> **What you need to do**: In the entries below, begin at the line that has "A WWII Burma", stop after the line that has "Close-up of a", and output those lines exactly with no pictures.

> **Records for processing**:
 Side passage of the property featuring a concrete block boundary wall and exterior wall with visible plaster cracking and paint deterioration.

...

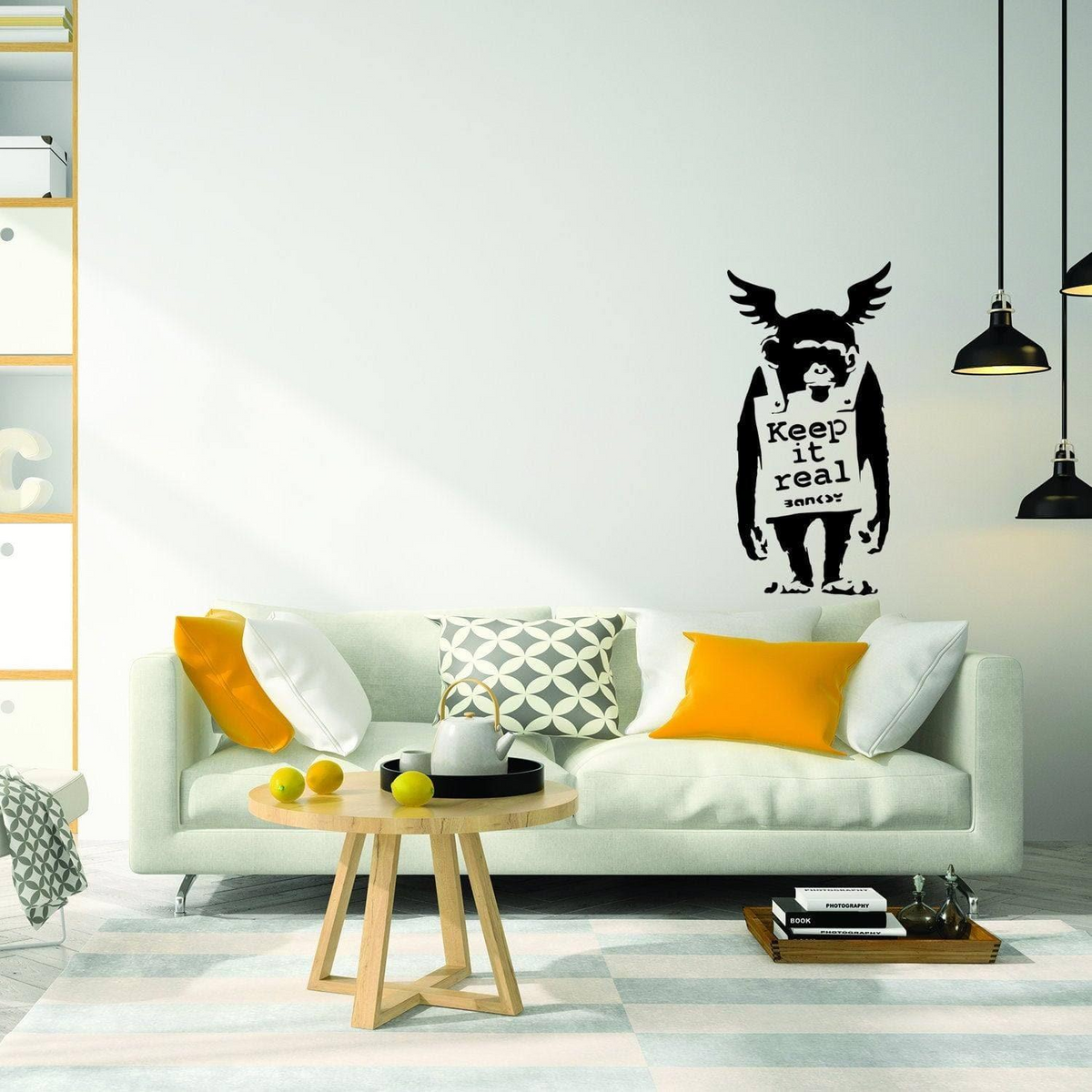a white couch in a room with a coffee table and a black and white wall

==

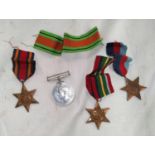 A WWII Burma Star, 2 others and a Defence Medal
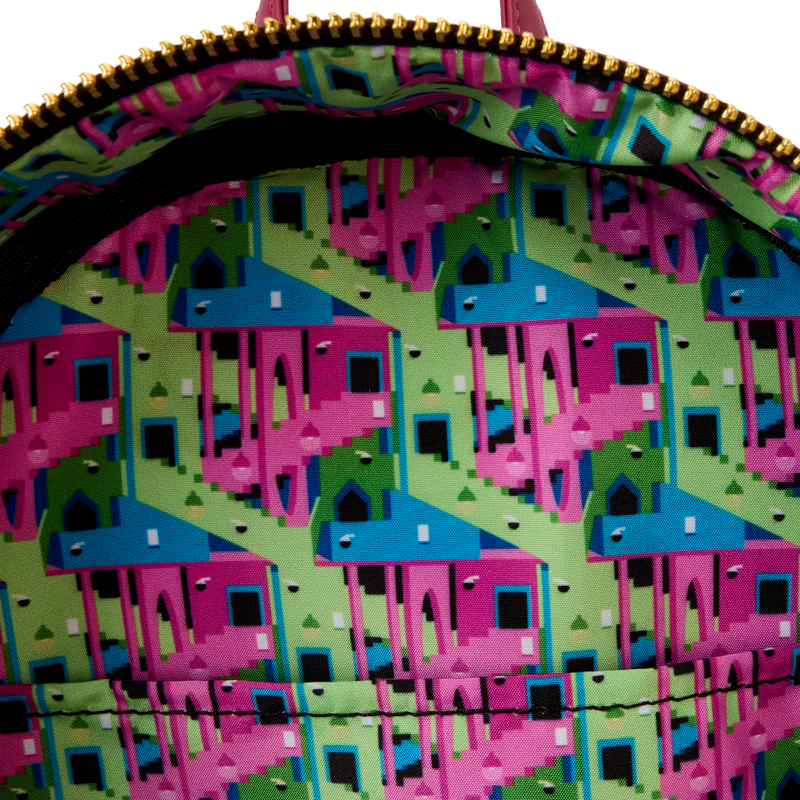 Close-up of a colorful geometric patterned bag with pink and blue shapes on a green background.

> **Result of the task**:
 A WWII Burma Star, 2 others and a Defence Medal
 Close-up of a colorful geometric patterned bag with pink and blue shapes on a green background.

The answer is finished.